#### What you should do:
Within the lines below, the span from the line with "總太2020打通戶5房大露臺雙平車房屋室內格局與周邊環境" to the line with "2 fotografías del", both ends included, is to be reproduced exactly, with pictures omitted.

#### Data for review:

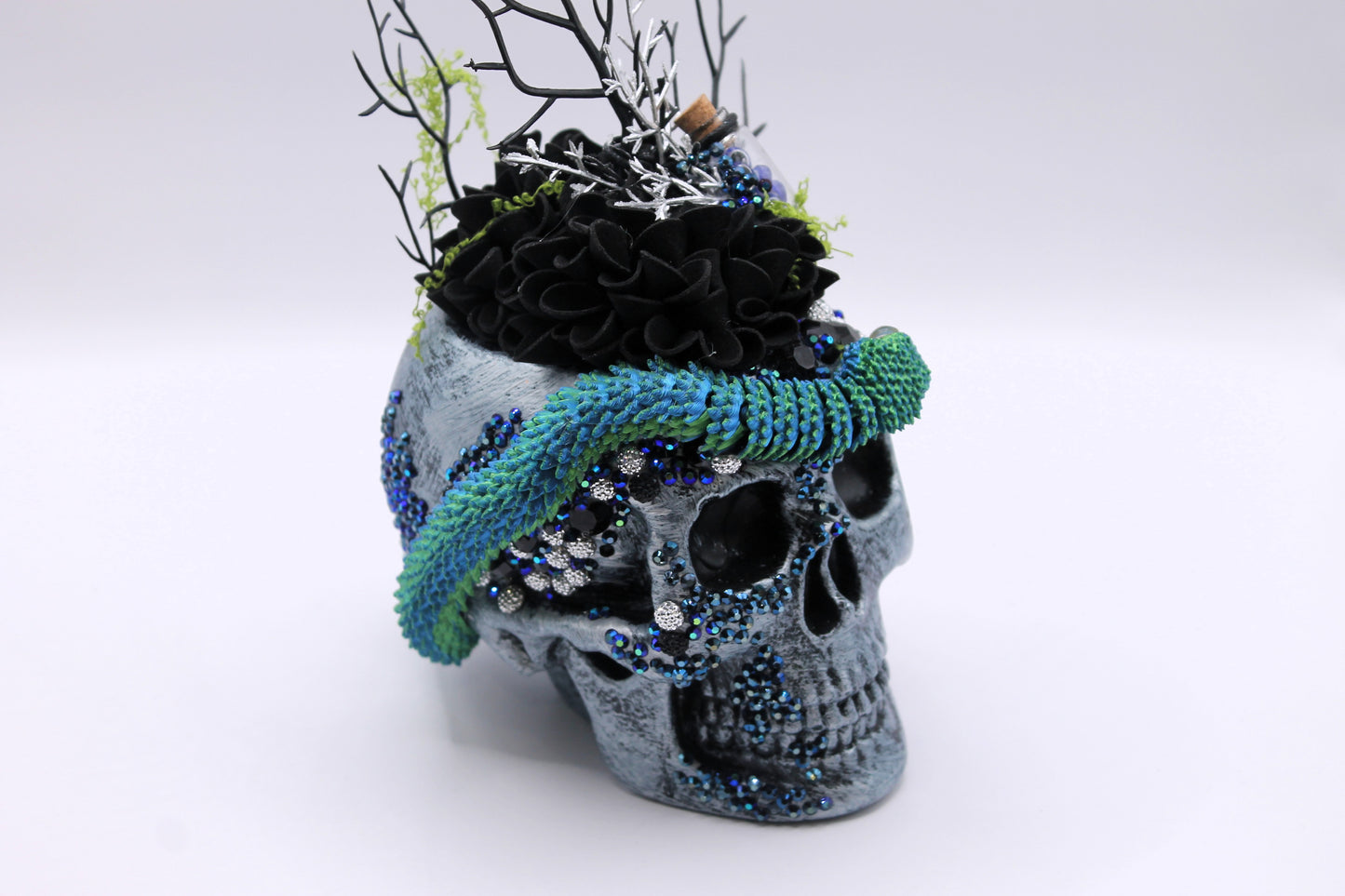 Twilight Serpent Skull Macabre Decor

--

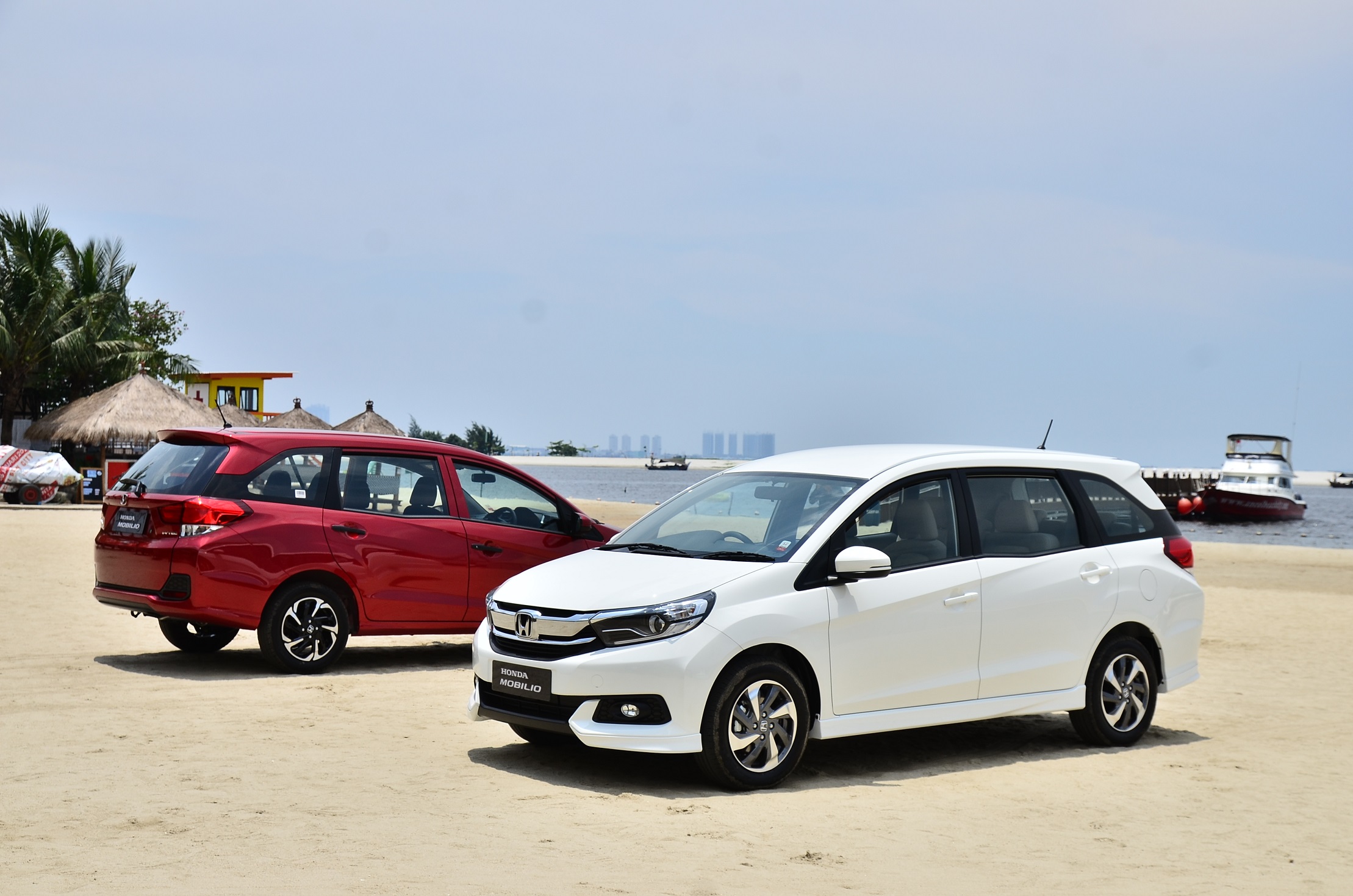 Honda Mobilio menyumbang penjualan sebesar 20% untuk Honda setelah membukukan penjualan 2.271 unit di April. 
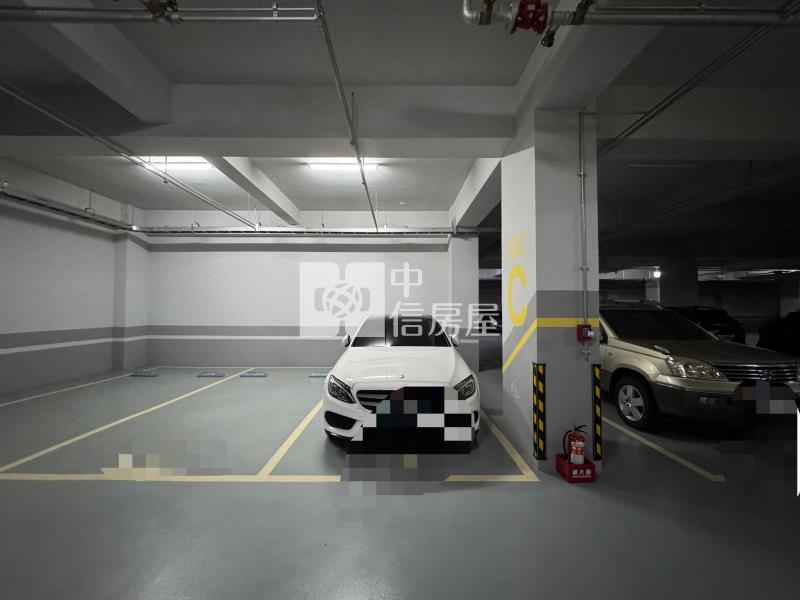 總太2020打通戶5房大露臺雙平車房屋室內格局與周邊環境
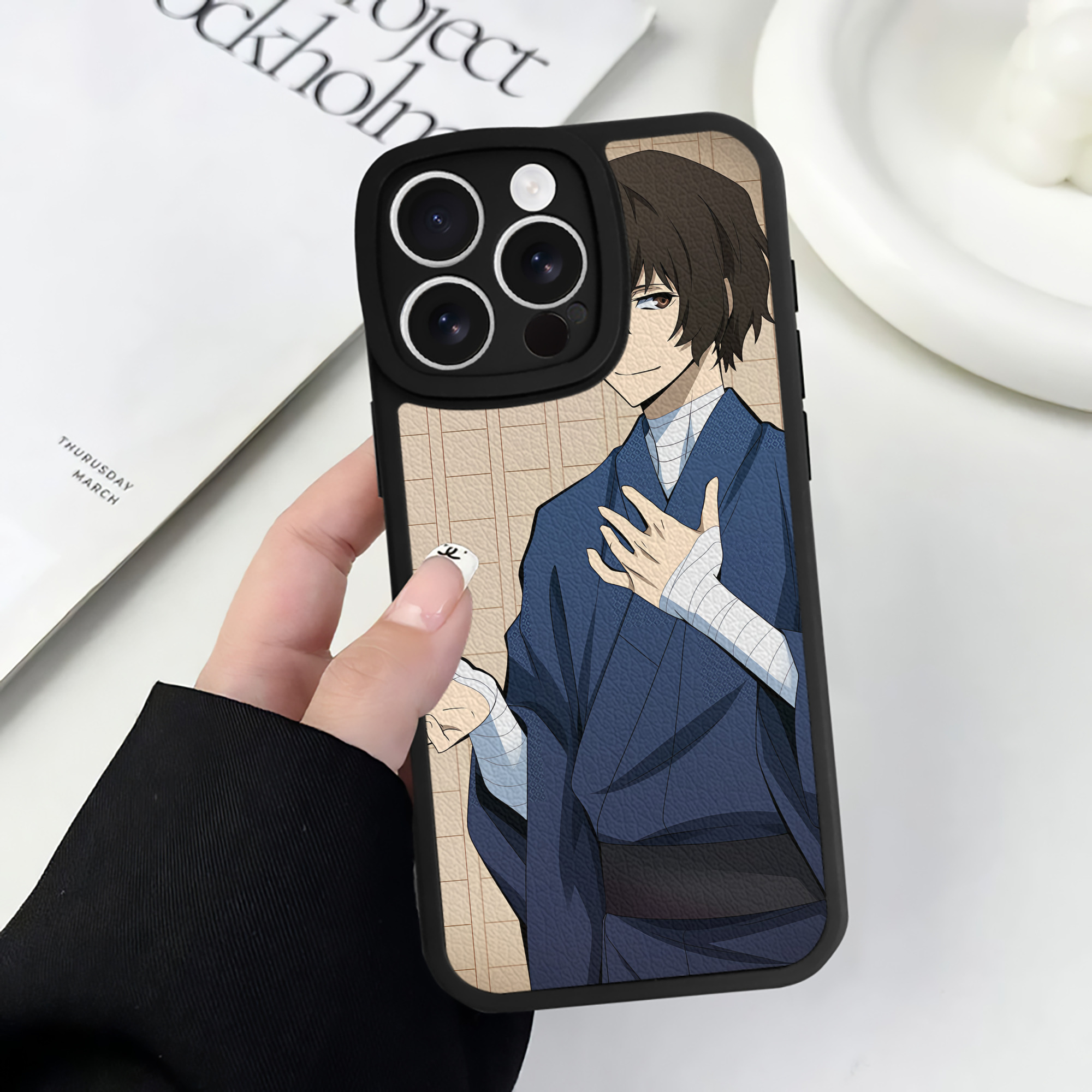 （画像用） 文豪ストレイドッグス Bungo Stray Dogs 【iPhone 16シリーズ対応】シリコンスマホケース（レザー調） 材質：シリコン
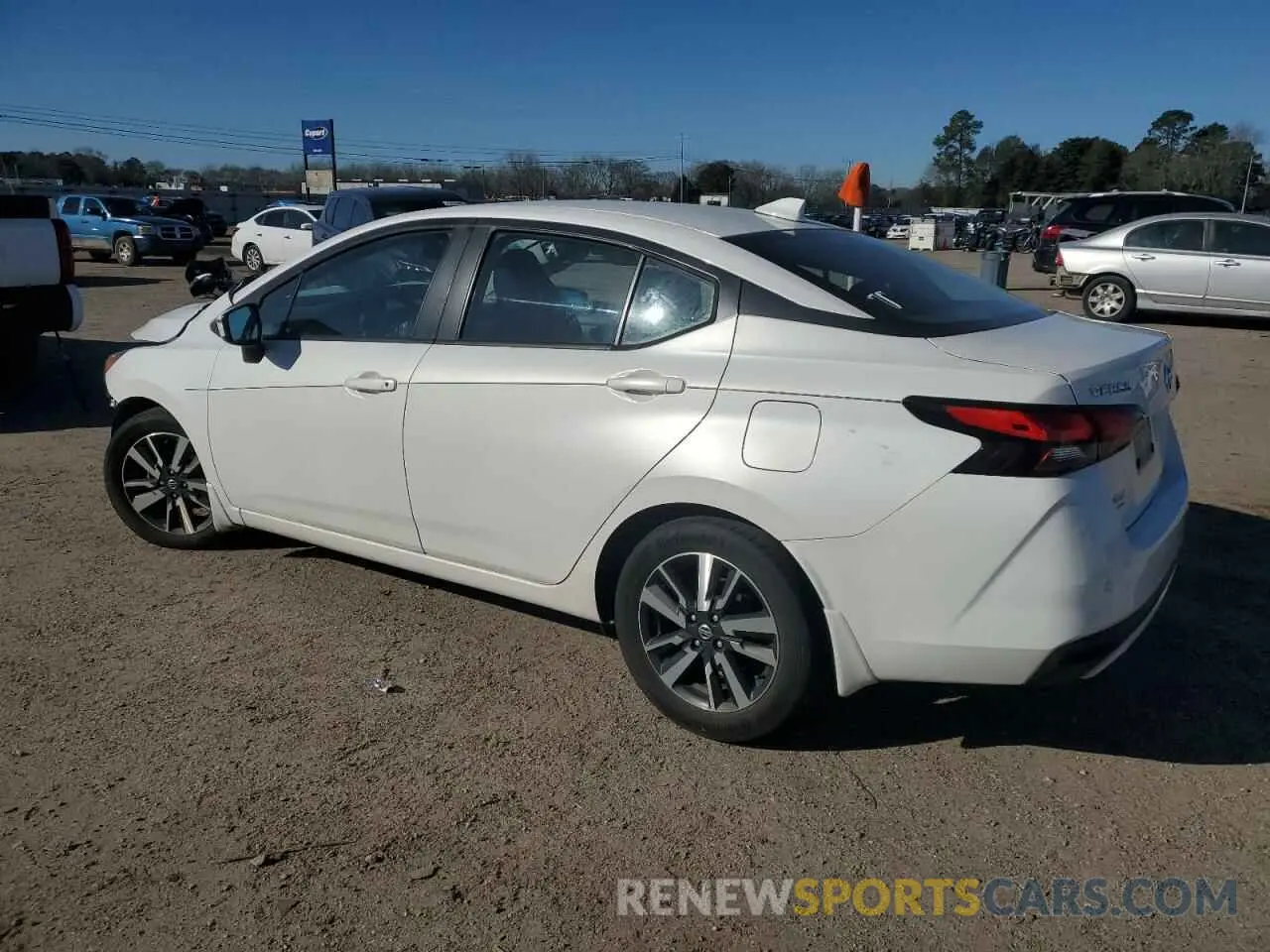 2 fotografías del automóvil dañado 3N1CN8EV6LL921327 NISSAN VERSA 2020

* * *

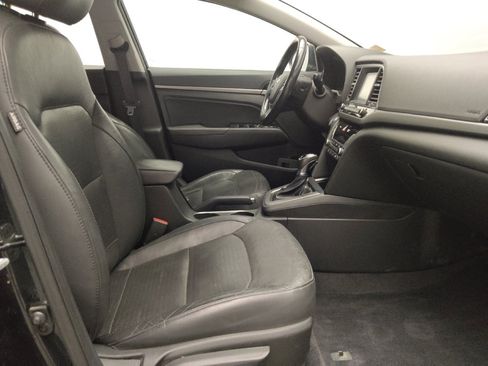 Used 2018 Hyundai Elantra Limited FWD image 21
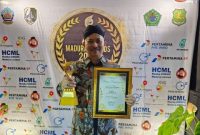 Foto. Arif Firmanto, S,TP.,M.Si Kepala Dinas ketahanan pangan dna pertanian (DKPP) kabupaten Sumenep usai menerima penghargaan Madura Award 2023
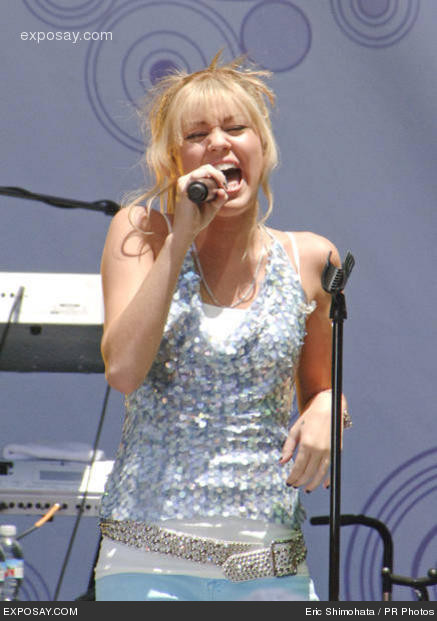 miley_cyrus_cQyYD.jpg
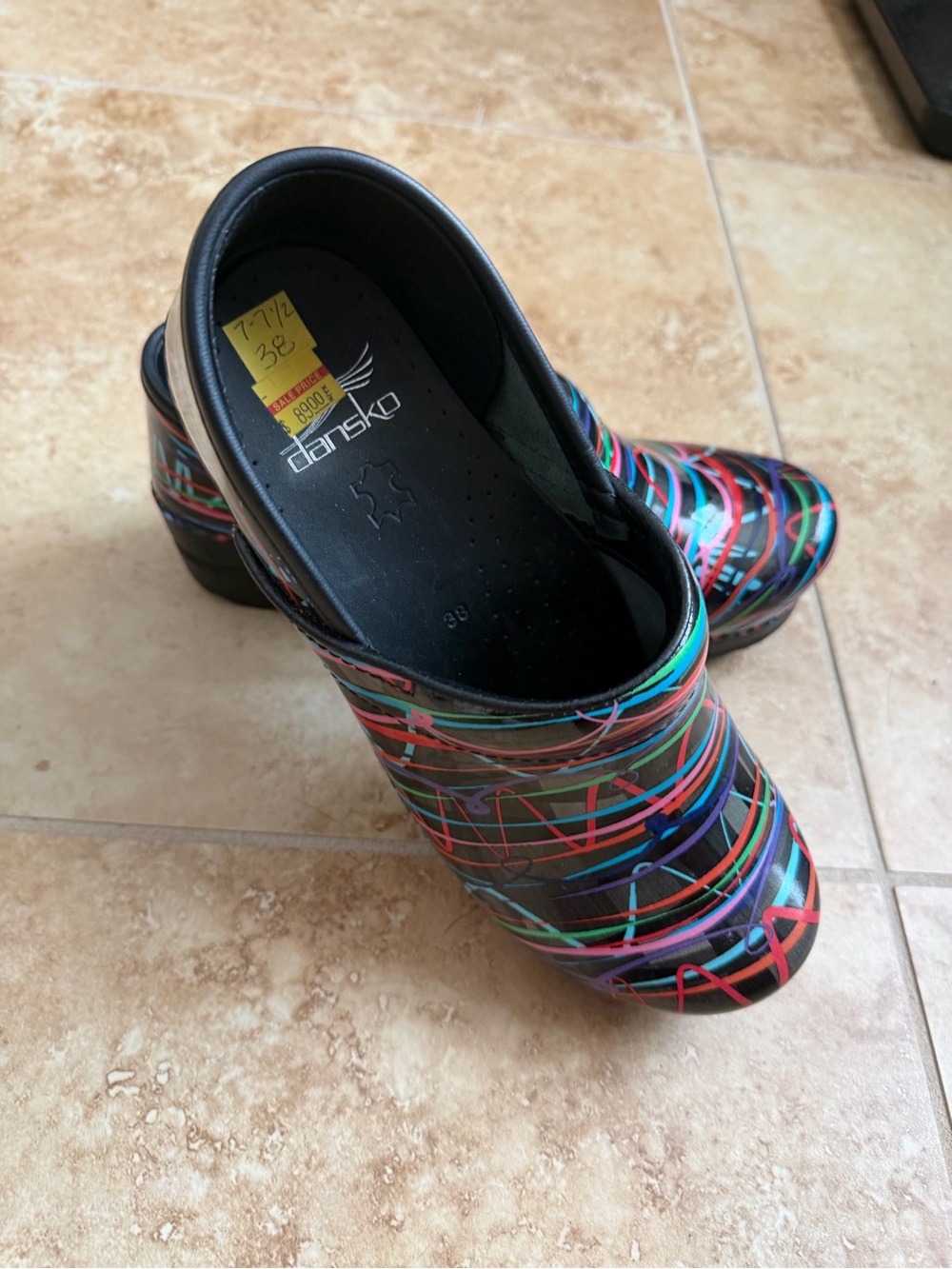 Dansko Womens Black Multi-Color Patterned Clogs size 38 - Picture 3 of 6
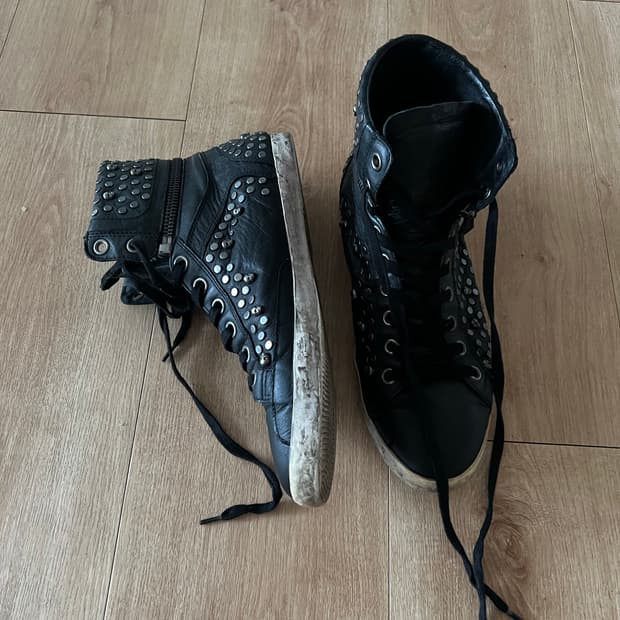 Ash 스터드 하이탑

#### Answer space:
 總太2020打通戶5房大露臺雙平車房屋室內格局與周邊環境
 （画像用） 文豪ストレイドッグス Bungo Stray Dogs 【iPhone 16シリーズ対応】シリコンスマホケース（レザー調） 材質：シリコン
 2 fotografías del automóvil dañado 3N1CN8EV6LL921327 NISSAN VERSA 2020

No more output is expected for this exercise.